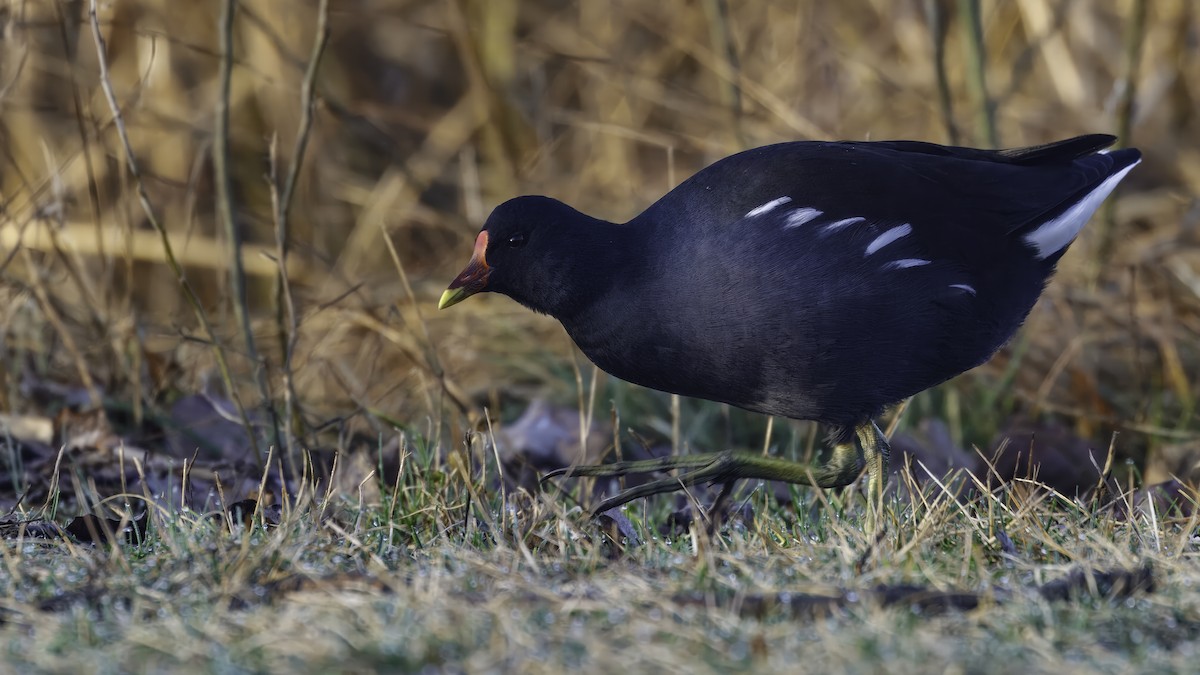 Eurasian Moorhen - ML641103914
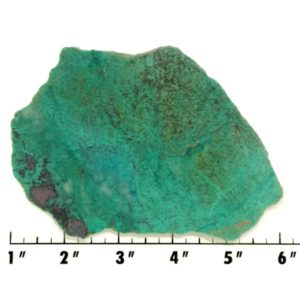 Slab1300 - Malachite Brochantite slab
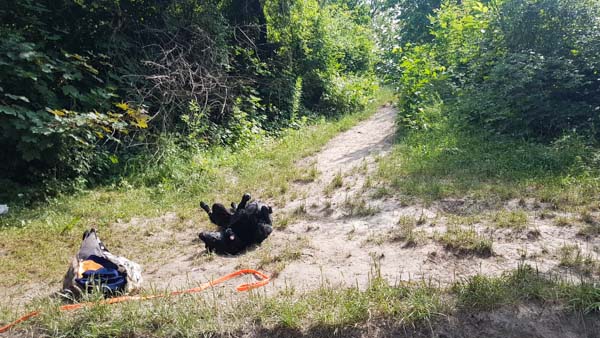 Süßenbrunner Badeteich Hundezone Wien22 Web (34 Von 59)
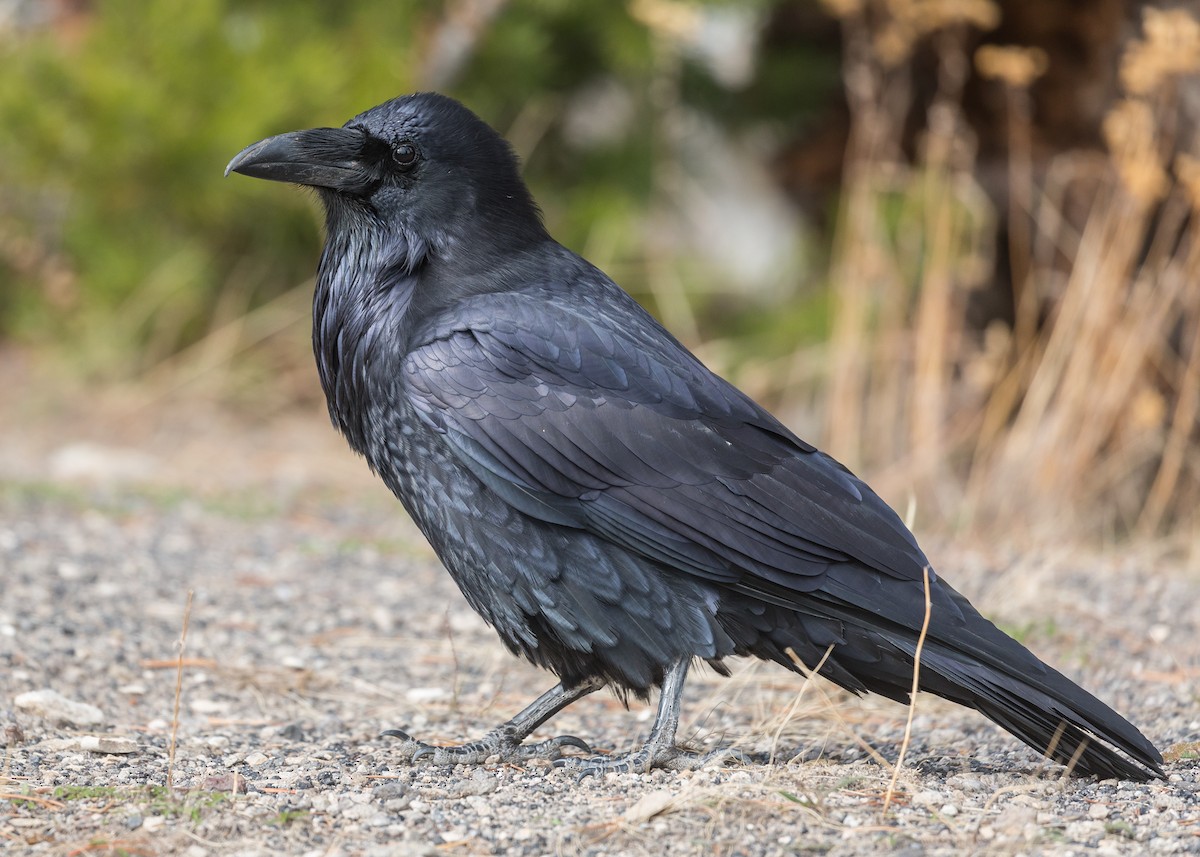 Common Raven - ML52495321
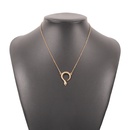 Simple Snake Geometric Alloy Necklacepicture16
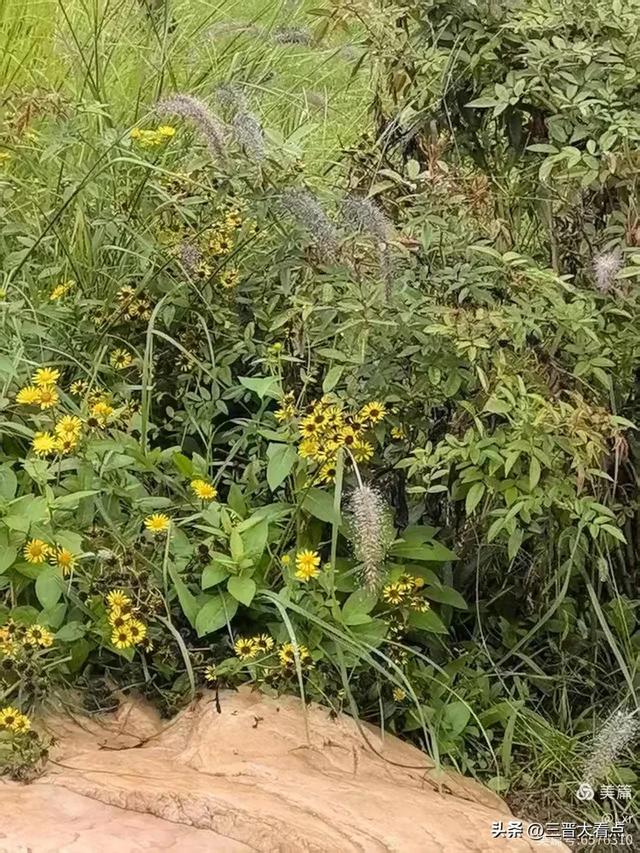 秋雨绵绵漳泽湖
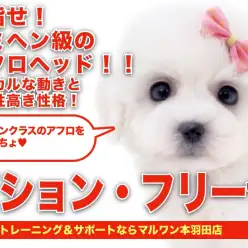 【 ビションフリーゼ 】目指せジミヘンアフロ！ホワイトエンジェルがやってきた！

...

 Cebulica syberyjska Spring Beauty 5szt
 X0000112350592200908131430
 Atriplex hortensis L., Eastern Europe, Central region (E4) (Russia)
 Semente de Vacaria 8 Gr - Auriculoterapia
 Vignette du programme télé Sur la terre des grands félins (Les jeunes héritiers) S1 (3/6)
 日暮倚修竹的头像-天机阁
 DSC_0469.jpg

---

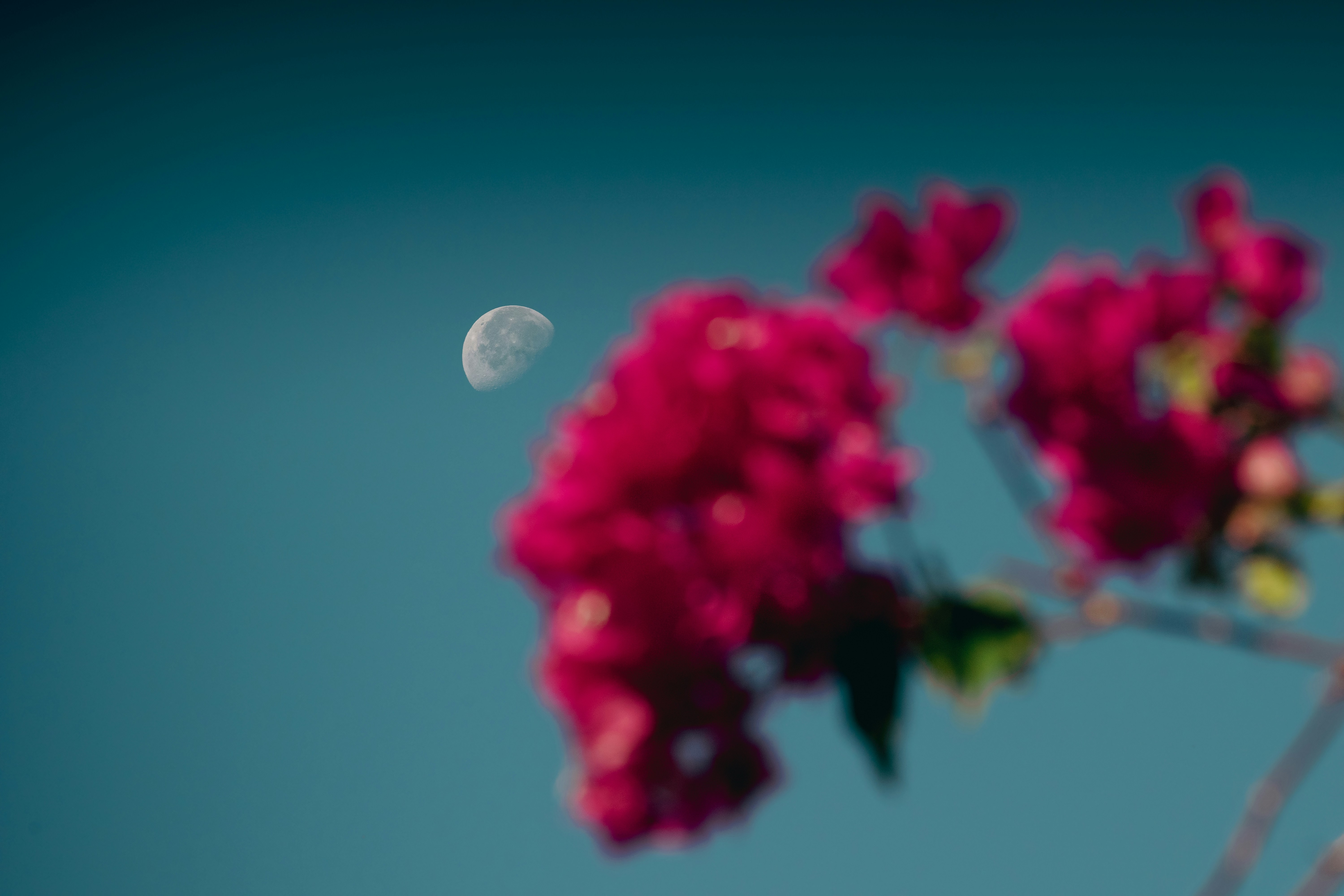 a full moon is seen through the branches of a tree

What is being asked. Reproducing the whole listing above is not the task. Copy exactly only the lines from the one with "Vignette du programme" to the one with "DSC_0469.jpg", both kept.

Result of the task.
 Vignette du programme télé Sur la terre des grands félins (Les jeunes héritiers) S1 (3/6)
 日暮倚修竹的头像-天机阁
 DSC_0469.jpg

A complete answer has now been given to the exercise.